The system would not reboot and would not even reach the emergency console...it hung short of there looping on the statement "welcome to emergency mode...". It turned out that partitions on three of the seven hard drives in this system were corrupted (!) and I could not make the system start until I kicked two of those partitions offline, which I did using a USB linux installation, and editing fstab to disable mounting them. The three drives were a 3 TB SATA data drive (not a system drive, but holding several virtual machines - and 3 of those were running when the crash occurred), a 300GB SCSI drive that holds /home, and a partition on the 300GB SCSI drive that holds the system, but the corruption was not in the system partition - and the corrupted partition was the partition that caused the trouble with the Win 2000 VM to begin with. Of these three, the corruption of /home was not sufficient to prevent the system from starting, but I had to remove both of the others to get it to start.

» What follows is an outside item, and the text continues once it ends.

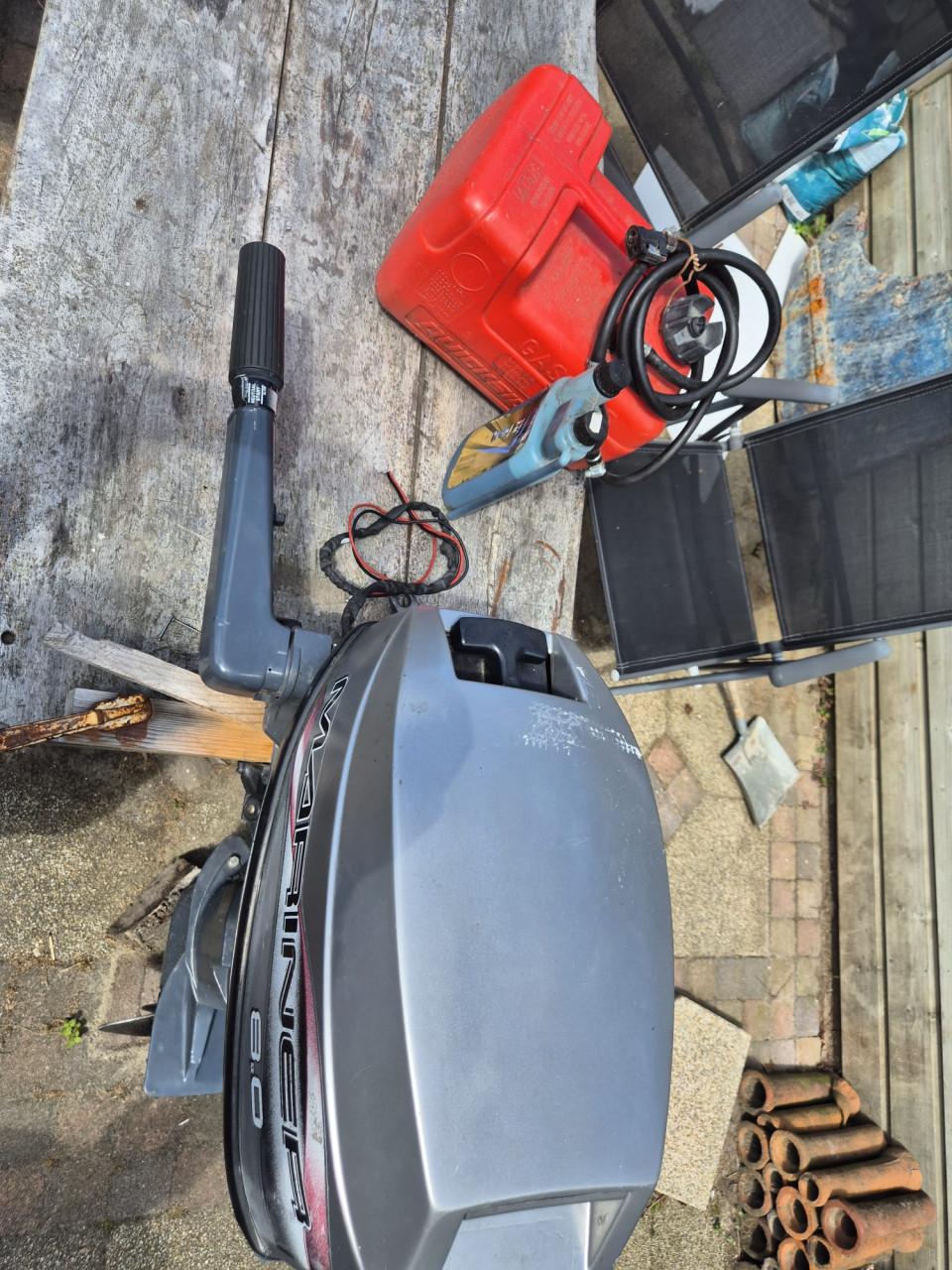 Buitenboord motor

Now, the biggest problem was the 3 TB drive that was now reporting itself as 802 GB. This implied that the partition table was screwed. This drive is organized as one encrypted ext4 partition, and I recovered the drive with no data loss, though it did take me awhile to figure out how to do it. Once I figured it out, it was simple enough - though I did have to work around a bug in the one tool that seemed to be able to do what I wanted to do.
I tried running diskdrake on the drive. Diskdrake reported that it was a 3TB encrypted device with an 802GB partition and the remaining space free. So I tried to enlarge the partition to encompass the drive. I ignored the warning that this would cause me to lose all my data; I knew better. However, the attempt failed,, Diskdrake did not resize the partition and threw an error about cryptsetup failing. Then, Diskdrake refused to start again until after a reboot.
As an aside, I consider it a bug when corrupted non-system drives prevent the system from booting, and a corrupted drive organization prevents diskdrake from starting.
Next I tried parted, and tried to make it create a partition that spanned the drive. It failed. I don't know why.
What succeeded was gdisk. This is a command-line program that is intended to be fdisk for large gpt disks.
To run gdisk on the damaged drive, first I opened the encrypted filesystem. Now, this particular drive is sdg in my system, so I manually opened the encrypted partition like this:
- Code: Select all
cryptsetup luksOpen /dev/sdg1 crypt_sdg1
I entered my passphrase when requested, and the drive was open.
Obviously if your drive is not encrypted you do not have to do this. If your drive IS encrypted, you DO have to do this before running gdisk or the repair won't work. Don't ask me why; I don't know. This is the outcome of trial and error I am reporting here.
I ran gdisk on the damaged drive like this:
- Code: Select all
gdisk /dev/sdg
and had it list the partitions it found. It did find one partition, gave me the size in 512 byte blocks (which was wrong), AND told me what the first useable block number and the last useable block number on the drive was. This latter information was VERY helpful. In fact, it was key.
So, using the option menu (just like in fdisk), I deleted the partition (this was partition 1, the only partition). Then, I added a new partition (as partition 1) and for the starting block of the partition, I gave the first useable block, and for the ending block of the partition, I gave the last useable block - as those were given to me by gdisk. I then wrote this partition table to the drive.
Now I ran fsck on the disk, using "fsck -y /dev/mapper/crypt_sdg1" since I wanted to pick up the opened filesystem. If your drive is not encrypted, you would run "fsck -y /dev/sdg1".
I immediately encountered an error that caused fsck to halt (because of the -y). Fsck informed me that my partition showed its size in 4K blocks (note that gdisk was listing 512 byte blocks...you have to be careful here to handle the translation correctly) to be larger than the physical volume on which it was built by 8 blocks. Therefore, most probably the partition table was corrupt and fsck could not proceed.
So, OK. Back to gdisk. Recreate the partition again, this time 64 - 512 byte blocks smaller. Back to fsck. Same error message, though this time both the volume size and the partition size were listed as 8 blocks smaller.
After fumbling with this for awhile, I concluded that it was a bug in gdisk and I was going to find my partition to be larger than my volume no matter what I did. So I set the partition back to the maximum size available, and then turned once again to diskdrake.
This time, when I started diskdrake, it reported my partition as occupying the entire drive, which was correct. I chose the option to resize the partition, ignored all the dire warnings, moved the slider down a bit, then moved the slider back to a partition size that encompassed the drive, then saved the changes.
Now, I once again ran fsck on the filesystem, and the error in volume size vs partition size was gone. Fsck ran to completion, fixed a number of things, rebuilt the journal, and finished normally. I then mounted the drive and had everything back...no data lost.
So, this post is just to show you how to go about it when your gpt drive gets hosed. THis will work with multiple partitions as well, though of course you have to be careful about your start and end points.
Curiously enough, I am presently building a network attached storage box specifically to protect myself against the kind of disaster this almost was. Had this happened two weeks later, I might not have bothered with the recovery because I would be able to restore from NAS backup.
But anyhow, I hope this helps someone.